**** DATA PROVIDED

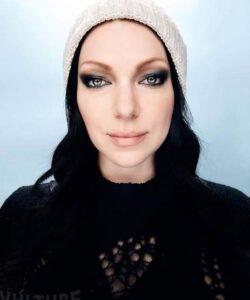 Laura Prepon Hot and Sexy Photo Collection nude – Leaked Diaries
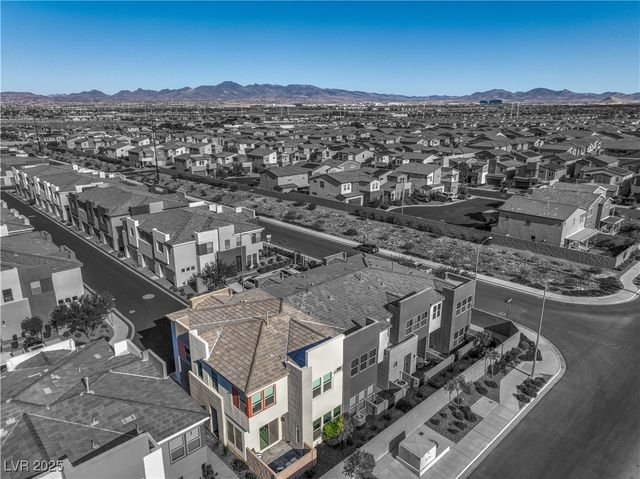 9881 Agate Creek Street, Las Vegas, NV 89141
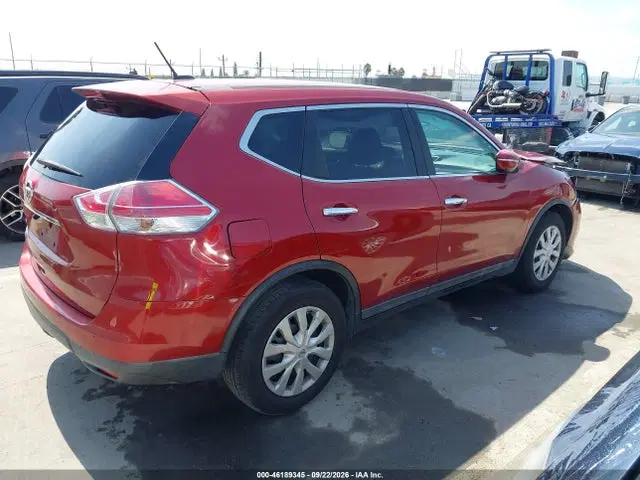 2015 Nissan ROGUE S VIN 5N1AT2ML5FC839012 фото 4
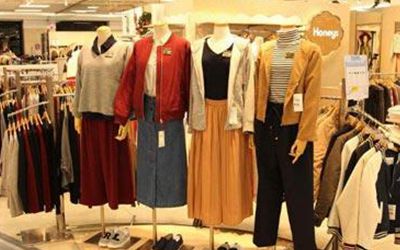 服裝店商家借助收銀軟件提升行業(yè)競(jìng)爭(zhēng)力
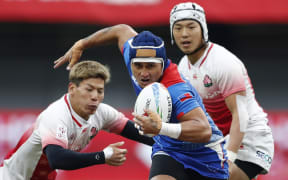Samoa's Melani Matavao cuts through the Japan defence.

********

→ **ASSIGNED TASK**
Please copy exactly the lines from the one that contains "2015 Nissan ROGUE" through the last line of the listing above, leaving out the pictures.

→ **TASK RESPONSE**
 2015 Nissan ROGUE S VIN 5N1AT2ML5FC839012 фото 4
 服裝店商家借助收銀軟件提升行業(yè)競(jìng)爭(zhēng)力
Samoa's Melani Matavao cuts through the Japan defence.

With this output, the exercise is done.